Observons que ledit Comité Consultatif (etc.) est pour l’instant opposé à l’insémination de mères porteuses, pour qui que ce soit. Combien de temps cet avis tiendra-t-il ? Comment quelques hommes seuls ou en couples se priveraient-ils de crier à la discrimination ? L’exploitation du corps d’une femme pauvre semble encore retenir les membres de ce comité[iv]. Il sera donc difficile de donner naissance à des enfants dépourvus de mère tant que l’on n’aura pas réussi à les fabriquer dans des utérus artificiels. Si cela est un jour possible, il y a fort à parier que nous serons invités à nous émerveiller devant cette nouvelle prouesse du génie humain. Et puis quand même, quelle ouverture pour l’économie !
Il reste que l’égalité intégrale n’aura pas été atteinte tant que les enfants n’auront pas le choix de naître sans parents, et tant qu’il ne sera pas possible d’exiger d’être père ou mère sans enfants.
Délicieuse perspective, non ? Autant que l’on peut trouver délicieux d’imaginer un futur plus ou moins proche où des êtres sans racines regarderont passer des trains sans conducteurs – ils seront sans travail donc ne pourront pas payer le billet pour s’y embarquer. Les plus optimistes d’entre eux se consoleront peut-être en songeant que tout cela est bon pour la croissance. Et qui sait s’il ne se trouvera pas quelque bel esprit – s’il en reste – pour nommer ce temps les jours sans ?
(Cette chronique se voulant légère et plus ou moins littéraire, d’autres arguments, plus sérieux, sur l’avis rendu par le Comité Consultatif National d’Ethique sont à trouver ailleurs, ici par exemple.)


[i] Voir ici.
[ii] Les guillemets s’imposent : tous les patrons ne sont pas de vilains méchants, bouffis et ricanants.
[iii] Procédé qui, fondamentalement, mérite déjà qu’on y réfléchisse.

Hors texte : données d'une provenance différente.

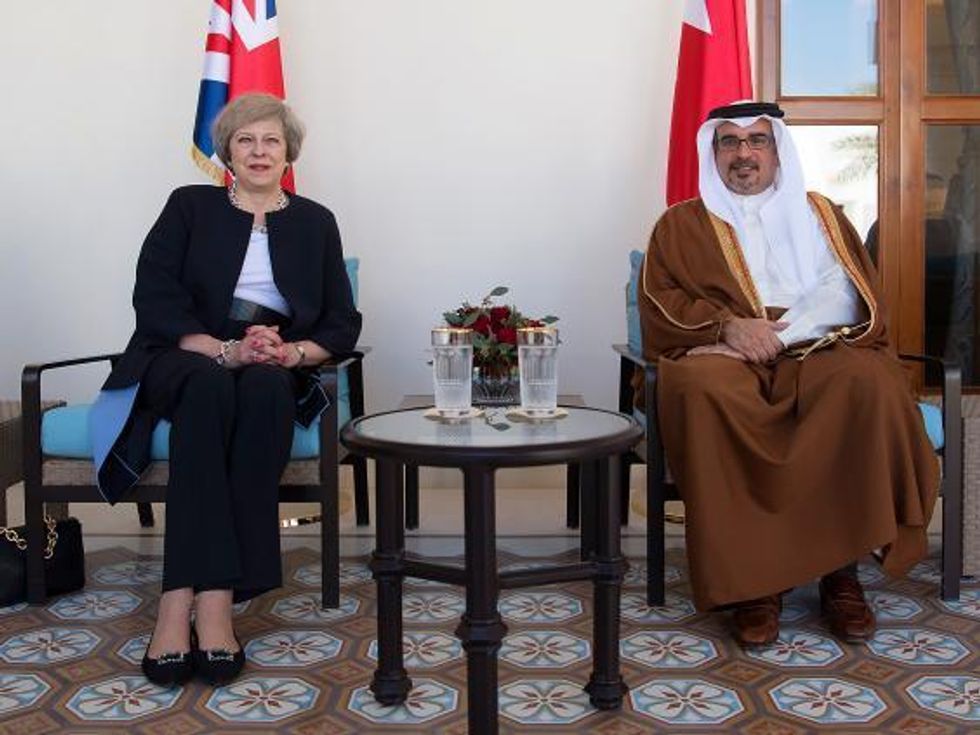 Theresa May in Bahrain with King Sheikh Hamad bin Isa Al Khalifa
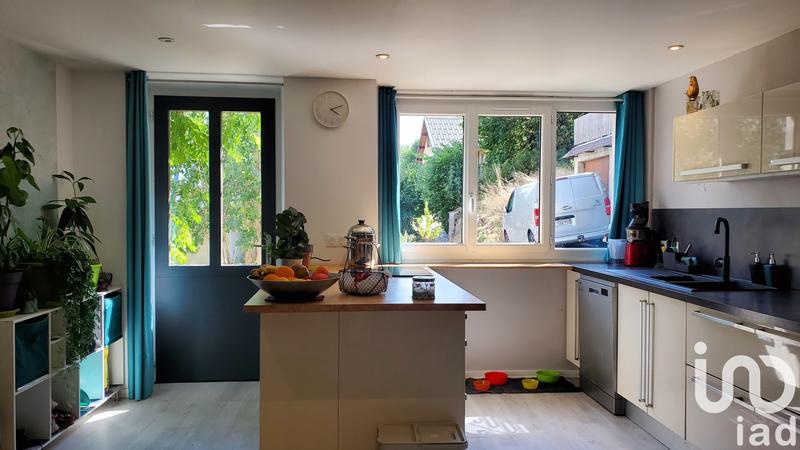 Maison - 179 m² - 9 pièces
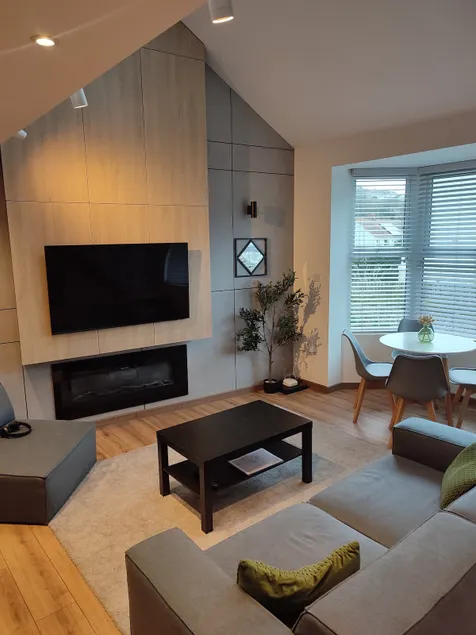 Modern 2 bed Apartment With sea Views - Image 1
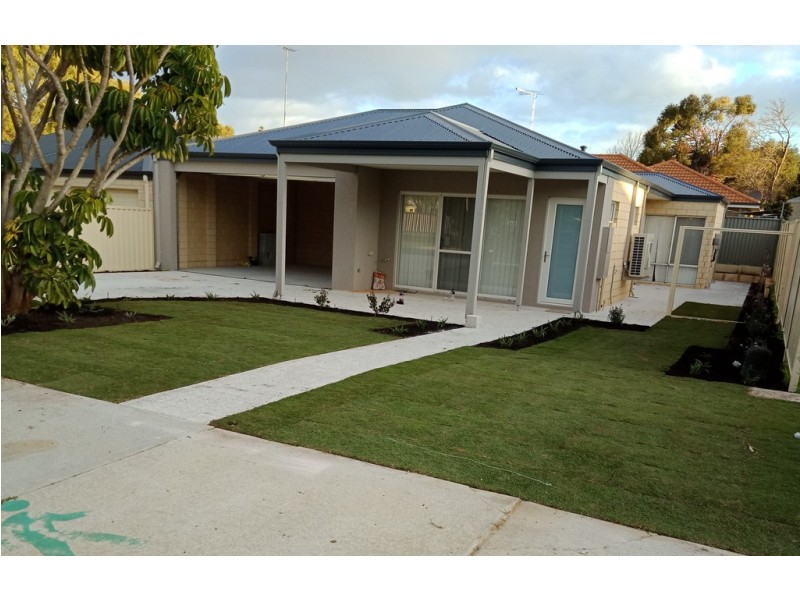 18 Governor Road, Rockingham WA 6168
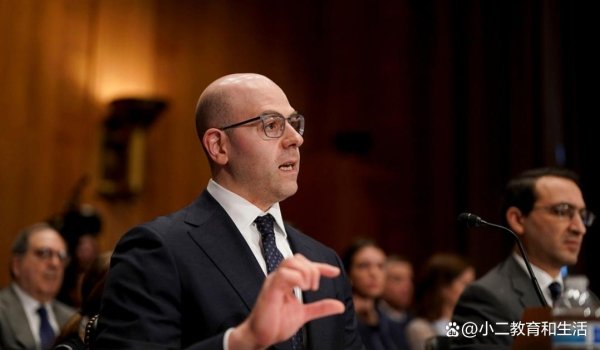正规炒股配资官网 霸权逻辑与利益博弈：美国关税政策的幕后推手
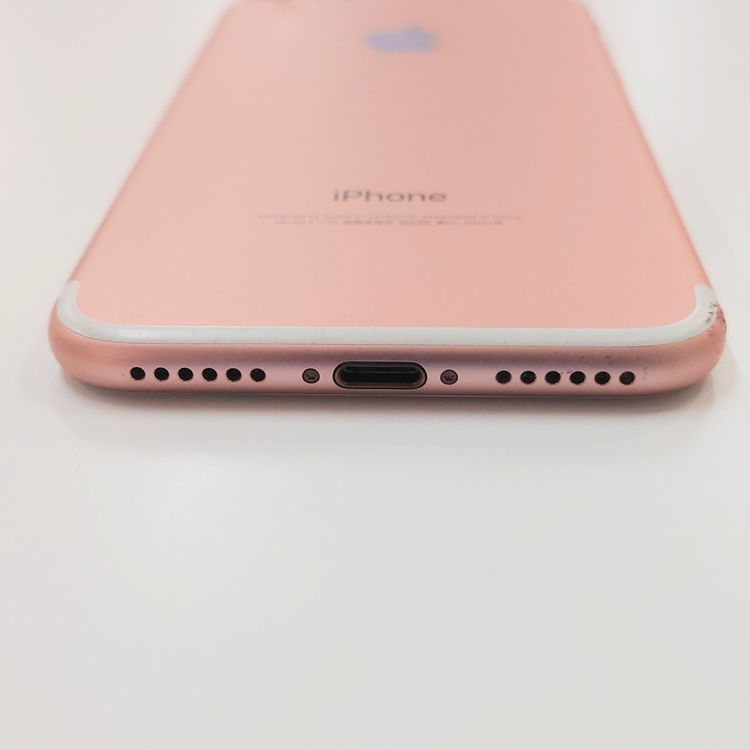 �ڽ���Ź�����ѡ�iPhone7 32GB �Хåƥ꡼��������100%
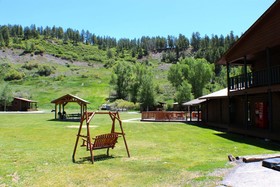 High Country Lodge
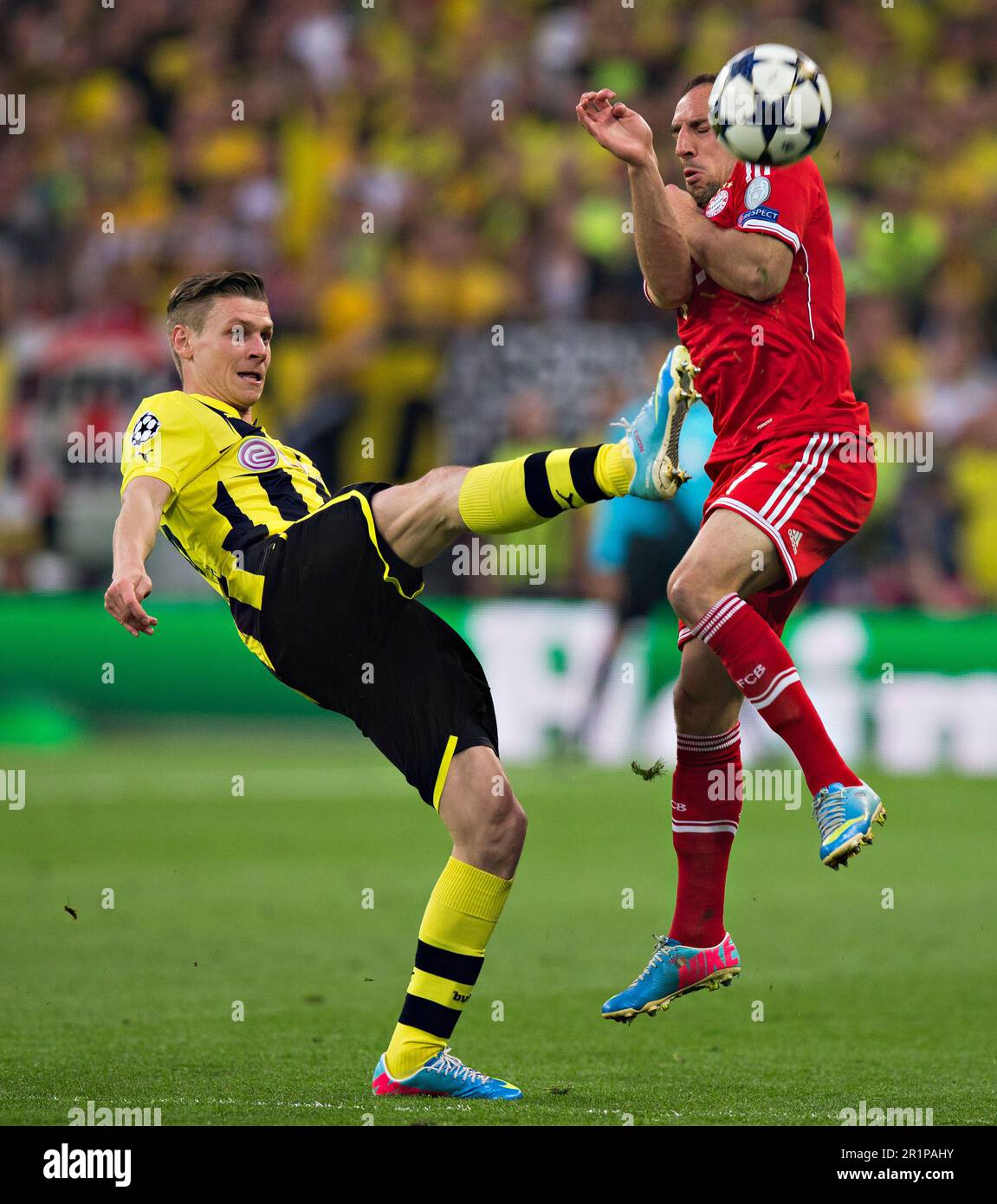 Londra, 25.05.2013, Wembley Lukasz Piszczek (BVB), Franck Ribery (Muenchen) Borussia Dortmund - FC Bayern München Champions League finale der Herren Foto Stock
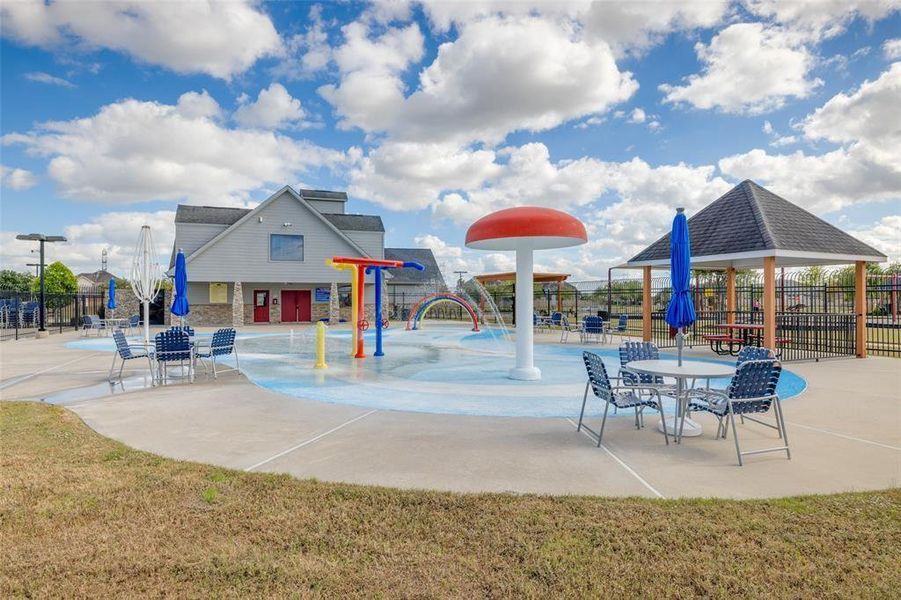 Community amenities in Canterra Creek, Rosharon (Image 25).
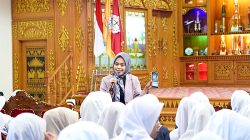 Universitas Teknokrat Indonesia Bekali Siswa SMK Muhammadiyah 1 Metro Strategi Affiliate Marketing Dwi Gema Soegesti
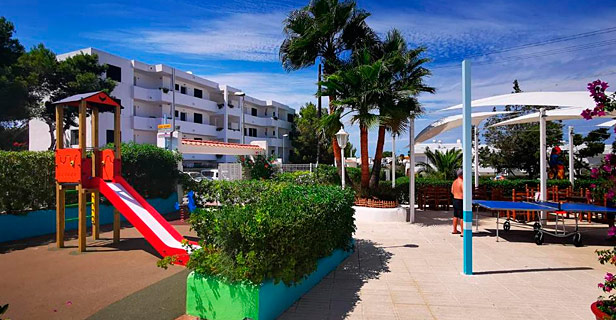 Aparthotel Camelina Suites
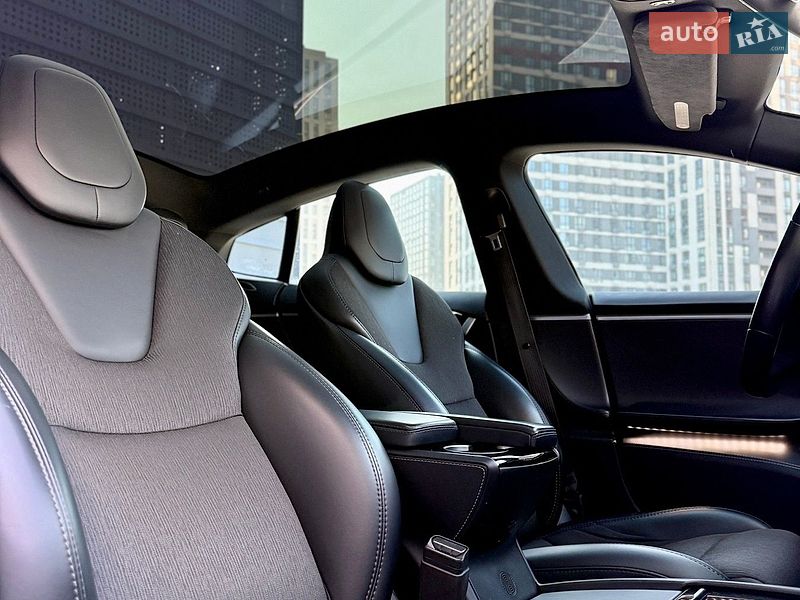 Ліфтбек Tesla Model S 2018 в Києві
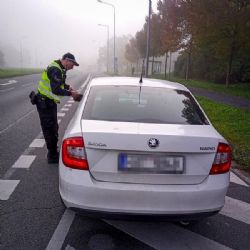Spěchal stihnout autobus, teď přijde o řidičák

[iv] Contrairement, par exemple, à M. Pierre Bergé (ardent soutien de M. Macron pendant la campagne présidentielle d’icelui), qui ne voit pas la différence entre les bras d’un ouvrier et le ventre d’une femme puisque, pour lui, tout cela n’est que de l’outillage à louer. M. Pierre Bergé a le maigre mérite d’avoir vendu la mèche dès 2013.